Buono a sapersi è, invece, il nuovo nome del programma di Elisa Isoardi. Figlio del precedente “Tempo e Denaro”, da cui eredita parte dello stile e dei contenuti, il programma si presenta da subito con uno studio rinnovato, il ritorno del pubblico e una grafica più accattivante (con il verde, il nero e il bianco e una mela rossa che torna in più momenti, ndr). Per quanto riguarda i contenuti, accanto alle interviste a medici (“la salute vien mangiando” ndr), agronomi, nutrizionisti, la novità di quest’anno è il ”tutorial” dell’angolo dei sapori, con un esperto (oggi un maestro di cucina, ndr) che “ci mette le mani” e dà consigli pratici sul prodotto della puntata. Tutto condito da una contagiosa allegria, che emerge da subito con la sigla, che la conduttrice non perde l’occasione di cantare. E da collegamenti in diretta dalle filiere in giro per l’Italia.
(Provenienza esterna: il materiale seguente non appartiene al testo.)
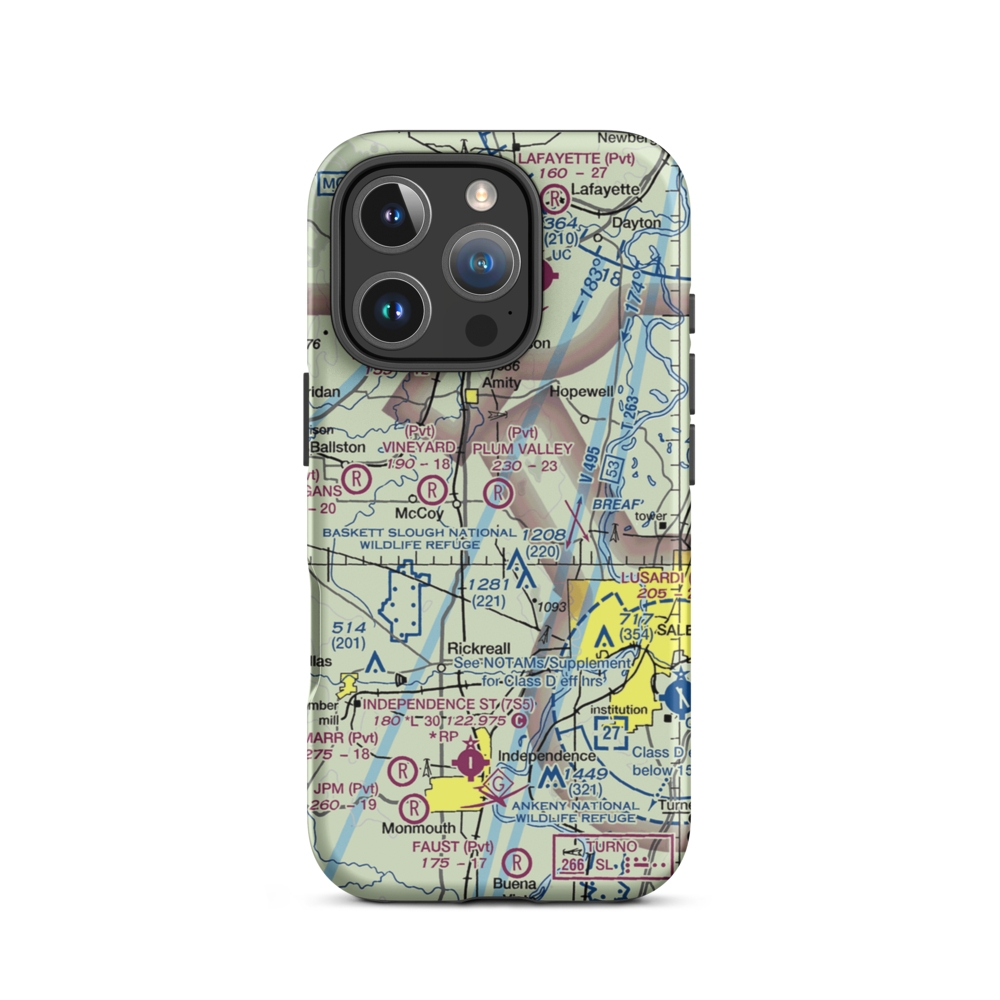 Plum Valley Airport (64OR) VFR Sectional  Tough iPhone Case iPhone 16 Pro model shown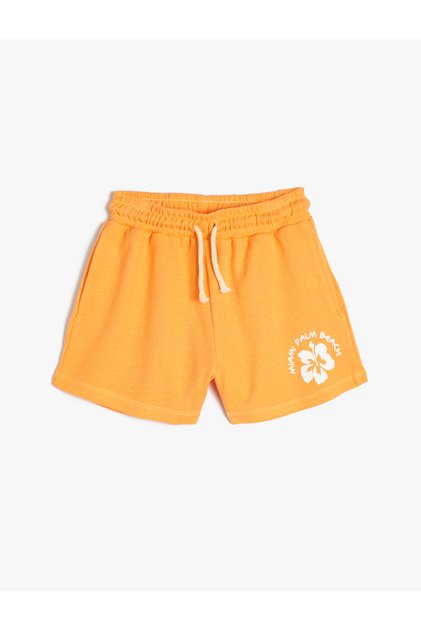 Mini Shorts Tie Waist Tropical Printed Cotton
La mattinata si conclude con la Prova del Cuoco, giunta alla sua 18.ma stagione. Antonella Clerici è, ovviamente, il principale filo conduttore con gli anni precedenti, anche se la versione di quest’anno presenta diverse novità, a partire dallo studio (si torna alla Dear, ndr), come sottolineato dalla stessa Clerici in apertura di puntata, passando per grafica e regia, fino alla struttura della puntata, con la novità importante delle “esterne” (il programma si apre al territorio, riscoprendo un’altra dimensione narrativa, ndr) e alcune nuove scansioni dei contenuti. Bello il richiamo scenografico a Studio Uno, che – nella modernità del tratto richiama una radice di televisione d’altri tempi –  altrettanto apprezzabile la trovata delle nuove postazioni lavoro dei cuochi (gigantesche padelle colorate, ndr) dal tratto boteriano.

Al fianco della Clerici, Federico Quaranta, Tinto e Anna Moroni, per una squadra di successo, chiamata a confermarsi ancora una volta.